Incorrect colour levels from Panasonic DV camera?

Kev-k wrote on 1/9/2010, 4:15 AM
This is a NOOB question, but I am very confused about colour settings when working with PAL DV footage from my Panasonic NV-GS230EB camera. I have been reading up and I don’t believe what I am seeing is correct. It looks to me like the camera is producing computer RGB levels.

As an example, Vegas Pro 8 or 9 [does not seem to matter], 8 bit colour project, I take a PAL DV clip acquired from the camera with the Sony capture program and drop this onto the timeline.

If I open up the RGB Parade on the clip I am seeing RGB levels right down to zero and right up to 255. If I understand things correctly that should not be case? I thought that PAL DV should be recorded in and decode to studio RGB?

It seems to me the only way to get the colours correct is to apply computer to studio levels FX to the clips.

I started looking at this because I was trying to setup my system correctly and do some basic monitor calibration, but when doing this I end up with the footage from the camera looking truly awful, but if I convert things to studio RGB things look at lot better.
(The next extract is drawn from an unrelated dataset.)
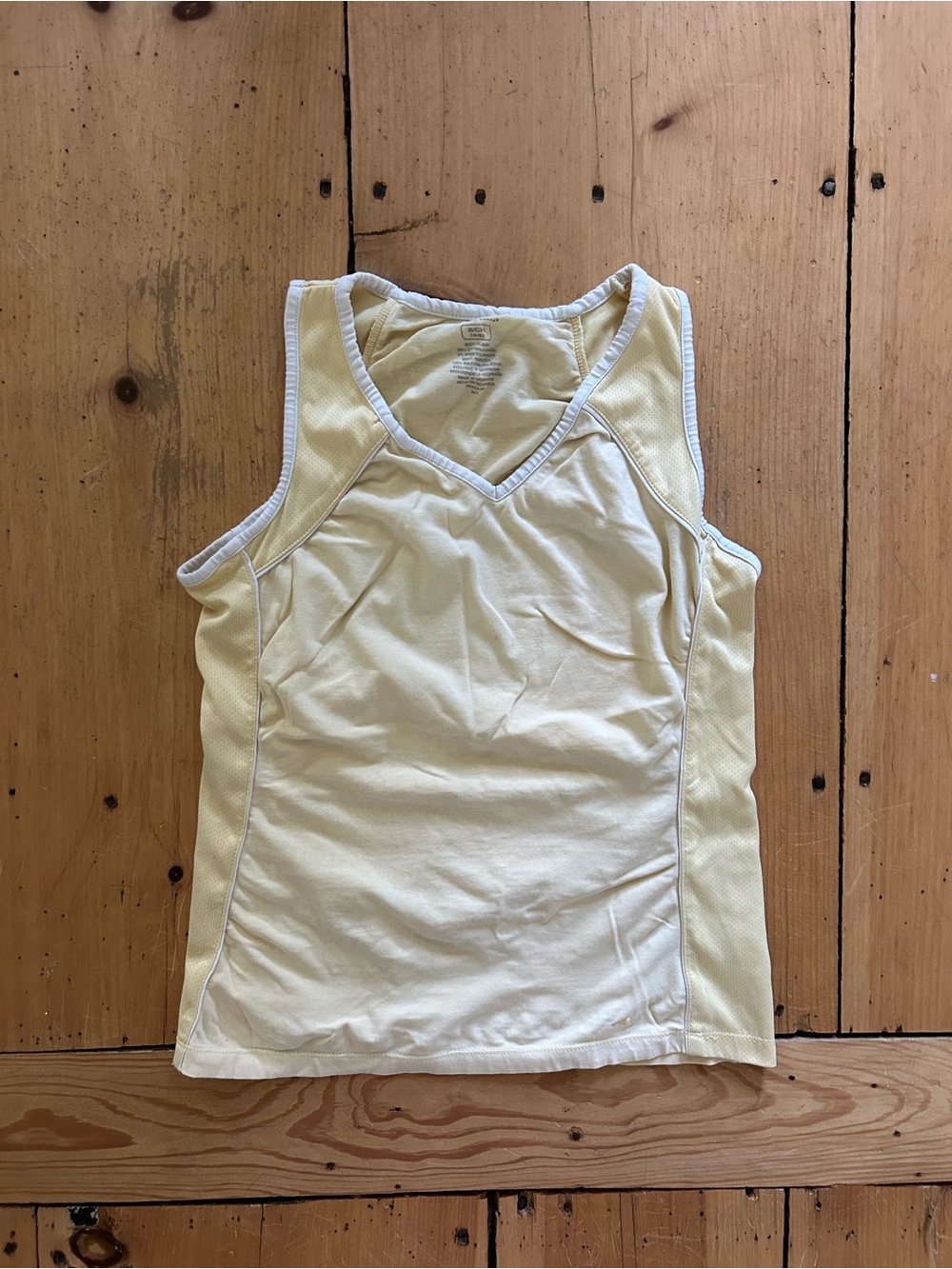 Athletic Works Light Yellow Women's V-Neck Tank Top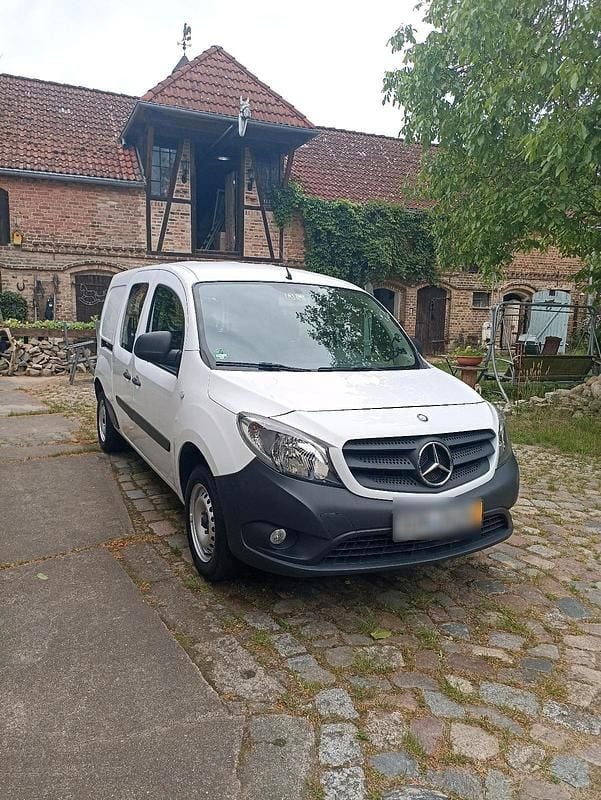 Weiß Gebraucht 2018 Mercedes Citan 111 Kombi | 9.500 € (Guter Preis) - Bild 1/4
I am viewing on a secondary Windows monitor that is setup with the studio to computer RGB conversion option.

Any ideas, or is this just a problem with this cheapish old consumer camera... I am seriously looking at upgrading to a decent consumer or prosumer camera, but maybe not quite yet (but if people have suggestions for something in the £1500, (maybe up to £2000) range I would be interested in their feedback)...

Thanks
Kevin

Comments

farss wrote on 1/9/2010, 5:20 AM
Pretty well all cameras record whites upto 109%. My EX1 does this by design, two of the Cinegamma curves record 100% at 100 and 400% at 109% so don't think buying a new camera will avoid this issue.

What is unusual is have the blacks go below 0%, by that I mean being at 0 not 16. I've never seen a camera do that and I just checked footage from a couple, including a very dodgy "DVD' camera. The scopes do show a little part of the waveform below 0% but that's because this camera records 704x576 instead of 720x576 and the 05 black is from the black bars.

If your camera is not actually recording black below 0% then applying a ComputerRGB to StudioRGB tranform is wrong, it'll lift the blacks up into grey and you may not notice this easily on a LCD monitor.

Glenn Chan's site has lots of info on this and how to best deal with it. It really depends on exactly what the camera is doing and how you want to handle say the highlights. Do you want to preserve all the detail in them or do you want to clip them etc.

http://www.glennchan.info/articles/articles.html

Bob.
Kev-k wrote on 1/9/2010, 5:52 AM
OK - so if I understand this correctly the problem is more with the exposure rather than the camera itself.... I should aim for a better exposure balance with lower white levels which should help things out... If I need to adjust in Vegas I should be lowering the white levels (output end in levels LX). The footage was on auto exposure, but there are manual controls to adjust things.

Looking at the RGB parade again it is mainly at the white end that things are high and clipping at 255, but I do see (mainly blue) levels down to near zero (less than 16) on certain clips, but in general the blacks tail off before 16,
TLF wrote on 1/9/2010, 8:26 AM
Yes, it's confusing... make sure that the settings for your waveform monitor are:
UNCHECKED: 7.5 IRE setup (this is not needed for PAL video)
CHECKED: Studio RGB

You will see some whites that extend to around 110%, but these are the superwhites, and with some tweaking you may be able to extract useful information from them.

You can apply the Broadcast Colors plug-in and set it to Extremely Conservative; that will bring the whites down to 100%
GlennChan wrote on 1/9/2010, 8:28 AM
I believe what you're seeing is normal?

This article has info on dealing with superwhites:
http://www.glennchan.info/articles/vegas/color-correction/tutorial.htm

I hope that helps.

---------------
EDIT: to add on....

You may see a few values below 16. This is usually from noise.... e.g. compression noise.

Seeing illegal values above 235 is normal. I don't totally agree with this practice, but cameras will record these illegal values.

At the edges of the frame, you might see values near 0... you need to ignore that when looking at your levels (e.g. crop out the edges or zoom into the image temporarily).